## WHAT YOU NEED TO DO
What is the number of lines in the records that contain "bedroom"? Give only that number.

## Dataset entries
>>>

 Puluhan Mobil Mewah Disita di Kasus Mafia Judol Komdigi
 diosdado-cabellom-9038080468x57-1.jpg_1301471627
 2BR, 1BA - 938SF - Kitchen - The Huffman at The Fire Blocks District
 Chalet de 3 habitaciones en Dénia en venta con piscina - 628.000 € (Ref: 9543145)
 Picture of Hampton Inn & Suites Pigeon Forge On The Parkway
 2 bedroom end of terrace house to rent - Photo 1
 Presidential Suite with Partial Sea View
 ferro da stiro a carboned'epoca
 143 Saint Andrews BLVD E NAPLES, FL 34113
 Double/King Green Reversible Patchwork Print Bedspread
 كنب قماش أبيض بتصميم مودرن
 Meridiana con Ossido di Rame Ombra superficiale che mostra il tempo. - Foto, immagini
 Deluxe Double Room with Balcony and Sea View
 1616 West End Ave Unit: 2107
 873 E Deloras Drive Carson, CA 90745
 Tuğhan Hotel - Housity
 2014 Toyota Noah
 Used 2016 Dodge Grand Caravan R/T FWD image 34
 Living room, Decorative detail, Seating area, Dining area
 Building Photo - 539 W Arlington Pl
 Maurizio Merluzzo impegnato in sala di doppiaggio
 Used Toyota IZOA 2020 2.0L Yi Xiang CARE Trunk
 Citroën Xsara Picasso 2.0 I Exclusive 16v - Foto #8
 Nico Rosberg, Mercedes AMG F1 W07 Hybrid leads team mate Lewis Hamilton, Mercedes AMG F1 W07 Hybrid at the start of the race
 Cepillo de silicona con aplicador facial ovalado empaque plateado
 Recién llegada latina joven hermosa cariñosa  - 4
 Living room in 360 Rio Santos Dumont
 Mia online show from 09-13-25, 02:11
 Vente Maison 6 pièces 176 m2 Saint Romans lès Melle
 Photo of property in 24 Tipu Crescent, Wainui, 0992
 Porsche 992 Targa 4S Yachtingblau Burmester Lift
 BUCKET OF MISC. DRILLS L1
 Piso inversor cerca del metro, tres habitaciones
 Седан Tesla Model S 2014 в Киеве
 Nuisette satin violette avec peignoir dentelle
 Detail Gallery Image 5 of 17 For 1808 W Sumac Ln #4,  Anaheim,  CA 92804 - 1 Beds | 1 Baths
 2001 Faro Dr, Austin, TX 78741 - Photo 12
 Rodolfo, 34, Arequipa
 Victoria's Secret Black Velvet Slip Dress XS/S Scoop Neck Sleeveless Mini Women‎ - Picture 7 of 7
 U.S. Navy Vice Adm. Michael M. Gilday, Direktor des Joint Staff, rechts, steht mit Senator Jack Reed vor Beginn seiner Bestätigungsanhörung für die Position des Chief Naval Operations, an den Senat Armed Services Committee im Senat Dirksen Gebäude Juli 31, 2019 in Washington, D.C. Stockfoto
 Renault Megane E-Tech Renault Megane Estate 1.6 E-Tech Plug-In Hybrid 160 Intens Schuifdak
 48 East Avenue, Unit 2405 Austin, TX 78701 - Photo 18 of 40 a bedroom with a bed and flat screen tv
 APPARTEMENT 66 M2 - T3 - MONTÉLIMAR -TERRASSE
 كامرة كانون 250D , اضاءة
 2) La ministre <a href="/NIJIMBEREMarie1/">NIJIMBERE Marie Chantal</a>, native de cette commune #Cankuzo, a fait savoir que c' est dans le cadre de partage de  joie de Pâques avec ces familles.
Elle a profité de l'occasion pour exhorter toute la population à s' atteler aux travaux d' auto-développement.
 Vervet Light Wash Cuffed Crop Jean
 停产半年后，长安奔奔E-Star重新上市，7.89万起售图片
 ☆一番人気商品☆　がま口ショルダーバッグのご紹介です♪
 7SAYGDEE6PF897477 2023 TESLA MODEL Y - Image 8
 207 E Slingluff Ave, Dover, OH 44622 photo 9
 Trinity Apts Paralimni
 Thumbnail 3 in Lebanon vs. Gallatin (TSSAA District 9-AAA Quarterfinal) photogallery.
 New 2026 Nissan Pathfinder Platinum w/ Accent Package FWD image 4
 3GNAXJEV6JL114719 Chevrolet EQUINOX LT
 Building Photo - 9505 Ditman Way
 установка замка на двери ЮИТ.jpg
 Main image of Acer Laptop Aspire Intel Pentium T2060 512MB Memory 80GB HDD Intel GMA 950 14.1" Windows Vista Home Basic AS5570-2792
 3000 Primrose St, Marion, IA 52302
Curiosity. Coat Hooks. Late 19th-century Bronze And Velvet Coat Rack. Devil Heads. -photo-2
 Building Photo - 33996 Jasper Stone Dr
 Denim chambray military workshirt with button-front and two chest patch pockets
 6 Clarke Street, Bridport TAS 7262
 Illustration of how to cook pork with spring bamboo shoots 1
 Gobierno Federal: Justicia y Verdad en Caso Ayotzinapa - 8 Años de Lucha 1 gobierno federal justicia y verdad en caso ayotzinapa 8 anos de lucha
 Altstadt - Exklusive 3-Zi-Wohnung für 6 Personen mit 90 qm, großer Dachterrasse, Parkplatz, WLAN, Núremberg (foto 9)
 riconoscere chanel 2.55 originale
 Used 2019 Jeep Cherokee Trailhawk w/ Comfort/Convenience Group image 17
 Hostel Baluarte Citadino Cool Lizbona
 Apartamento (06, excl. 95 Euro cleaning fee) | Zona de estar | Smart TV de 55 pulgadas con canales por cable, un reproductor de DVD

<<<

## ANSWER BELOW
2